Olive Oil Production
Olives are harvested in the autumn and winter. Olive trees are traditionally shaken to bring down their olives but may also hand-picked. Great care is taken when obtaining the olives so as to not bruise or damage them, as this may trigger oxidation which can compromise the olive's flavor. Olives are then transported to a processing plant where they are sorted and any leaves or stems are removed and the olives are cleaned. The olives are then crushed and grinded into a paste by a stainless steel or stone roller. At this stage in the extraction process, the olive paste undergoes the malaxation process in which a small amount of water is added to the paste and then mixed for 20 to 40 minutes. This allows the oil to concentrate and gain flavor. The olive paste is then pressed further often with centrifugal force which separates the solid remnants of the paste, called pomace, with the oil and water.

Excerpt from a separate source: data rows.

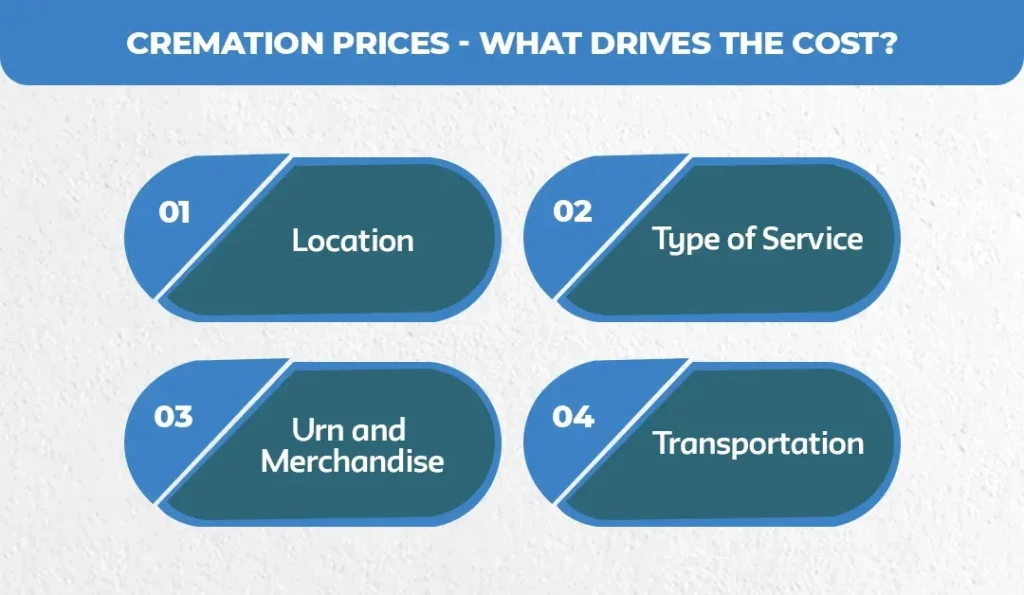 Cremation-Prices---What-Drives-the-Cost_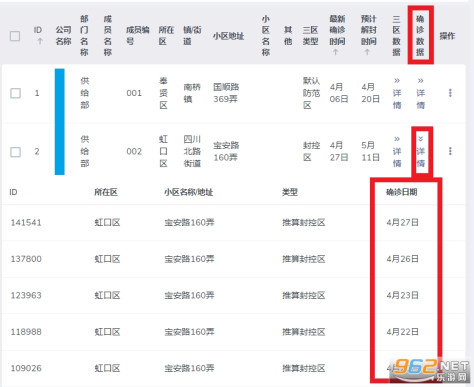 上海疫情计算器app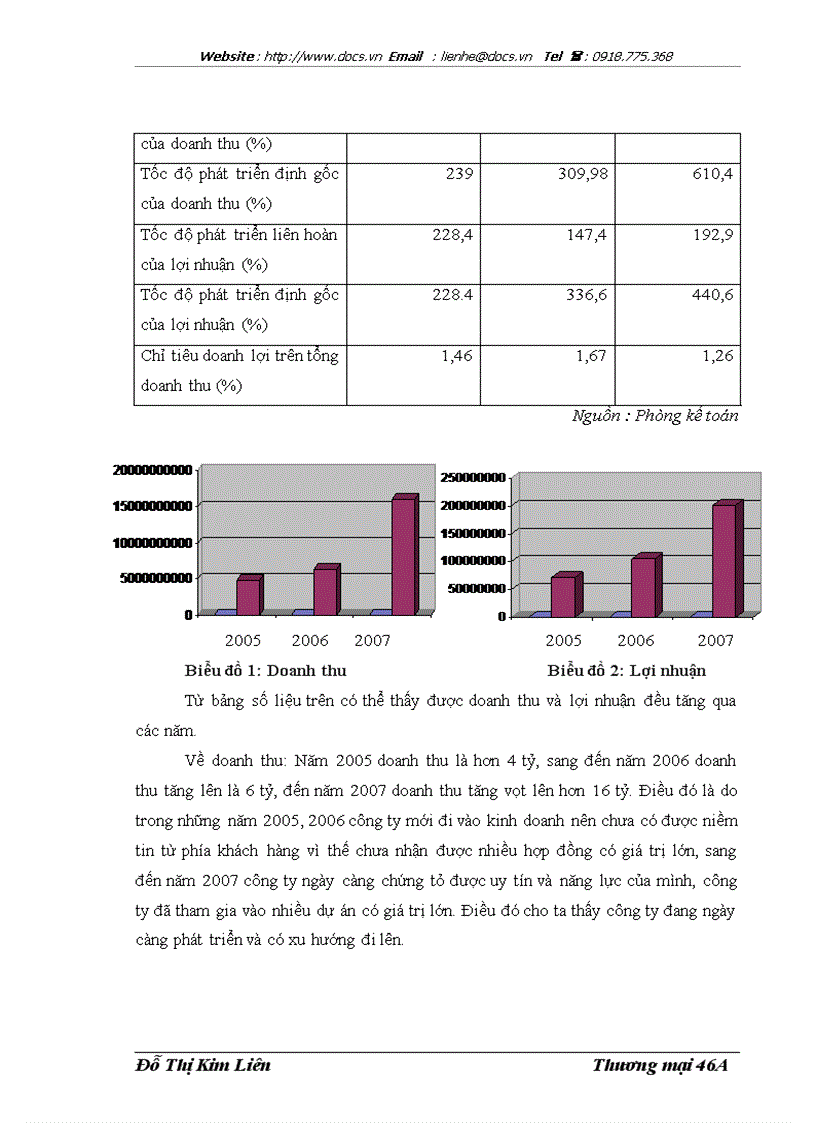 image for page Nâng cao khả năng cạnh tranh trong đấu thầu xây dựng của công ty cổ phần tư vấn thiết kế công nghệ xây dựng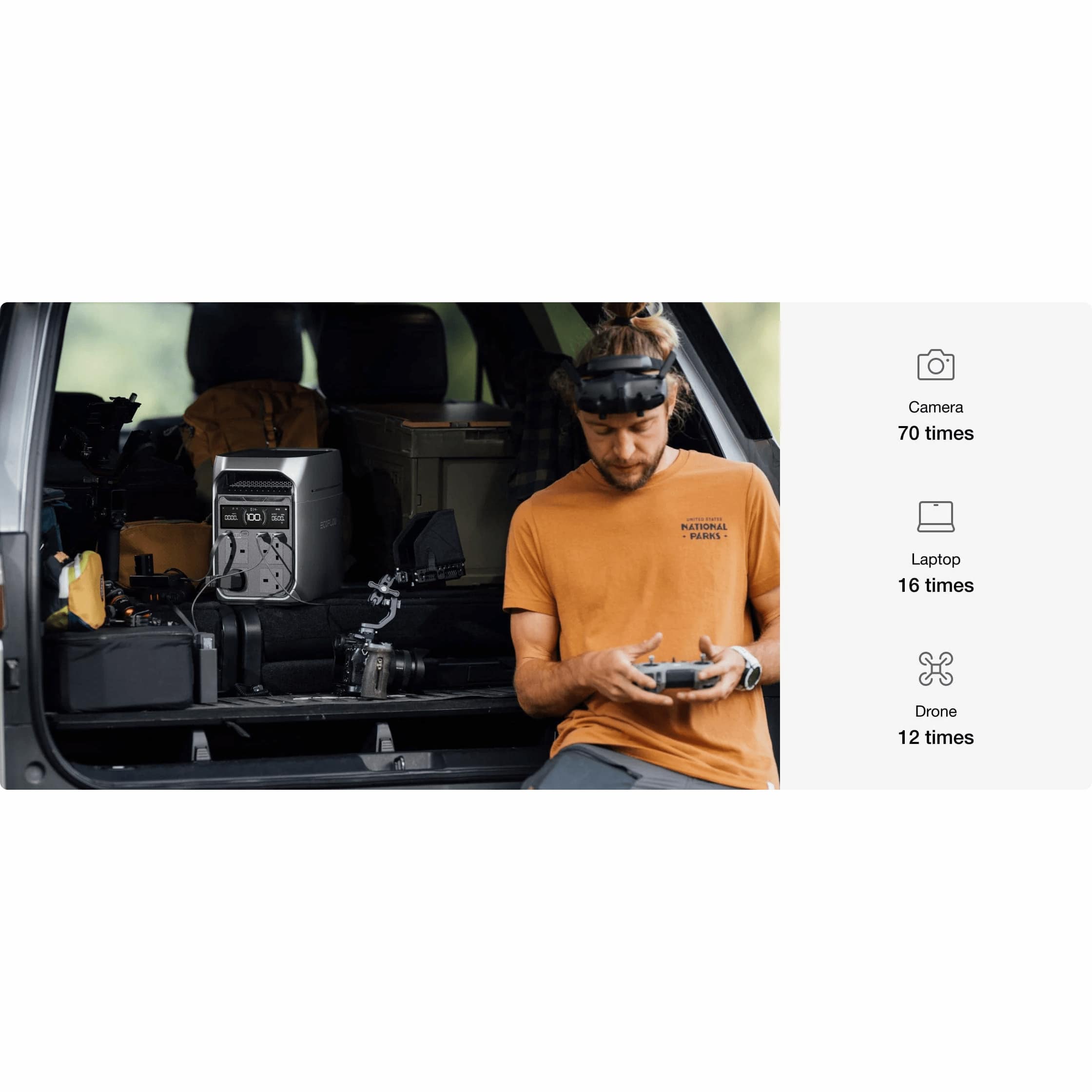 EcoFlow DELTA 3 Plus Series Portable Power Station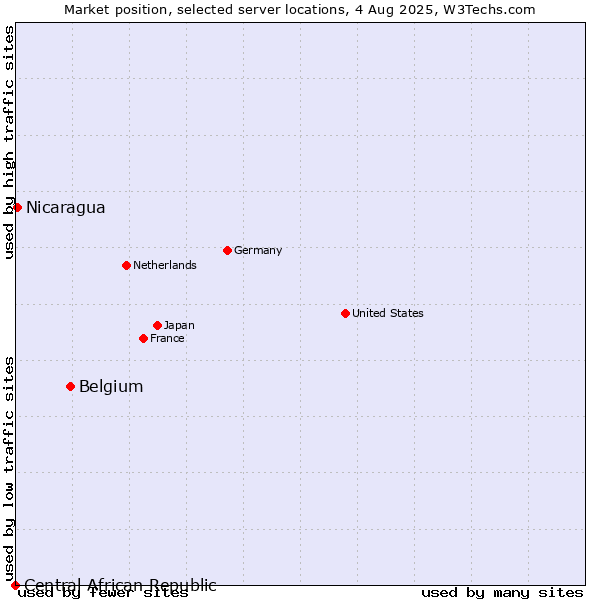 Market position of Belgium vs. Nicaragua vs. Central African Republic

Many different factors that occur during the production process influence the color, flavor and aroma of Olive Oil. These factors include the olive variety used in production, the location where the olives were grown, olive ripeness, timing and olive harvest method, production techniques and storage methods. Olive Oils are graded based on their flavor, method of production and level of acidity.
Olive Oil Grading
Extra Virgin Olive Oil: The highest quality grade of Olive Oil, Extra Virgin Olive Oil is produced from the first pressing of the olives, uses no heat during the production process, and has acidity below .8%.
Virgin Olive Oil: Virgin Olive Oil is lower quality than Extra Virgin Olive Oil and must have an acidity less than 1.5%. There is almost no production of this grade of Olive Oil as the market demand for Extra Virgin is much higher.
Refined Olive Oil: Refined Olive Oil is obtained by refining Olive Oil that cannot qualify for higher grades. In order to become refined, these Olive Oils undergo processing such as heating, chemical refinement or filtration. With a required acidity under .3%, Refined Olive Oil has a long shelf life.
Pure Olive Oil: Pure Olive Oil is a blend of Refined Olive Oil and either Extra Virgin or Virgin Olive Oil. Pure Olive Oils often contain about 85% Refined Olive Oil and 15% Virgin or Extra Virgin Olive Oil. Pure Olive Oil has a high smoke point as it excellent when used for cooking. Some people prefer its lighter taste and it is now marketed in the US as "Light Olive Oil" as a less robust salad dressing ingredient.
Pomace Olive Oil: Pomace Olive Oil is the lowest grade of Olive Oil. This oil is produced by extracting oil from the pulp and pits that are left over from the first pressings of the olives. To produce Pomace Olive Oil, the crushed pulp and pits are treated with solvent and may undergo additional filtering and refinement.
Cooking With Olive Oil
A fine Olive Oil adds flavor, depth and texture to just about any food. Although Extra Virgin and Virgin Olive Oils withstand heat well, they are best when used uncooked or cooked at low to medium temperatures to retain the character and flavor of the oil. Pure Olive Oil may be used in sautéing, frying, grilling, stir-frying and deep-frying. Olive Oil also tempers the acidity in highly acid foods such as tomatoes, vinegar and wine. Extra Virgin Olive Oil is superb when added as an ingredient in vinaigrettes, marinades, sauces, dips, or drizzled over meat, vegetables, pasta or bread. Light and mild Pure Olive Oil is excellent for baking for use in place of butter to add exquisite flavor without all of butter's saturated fat and cholesterol.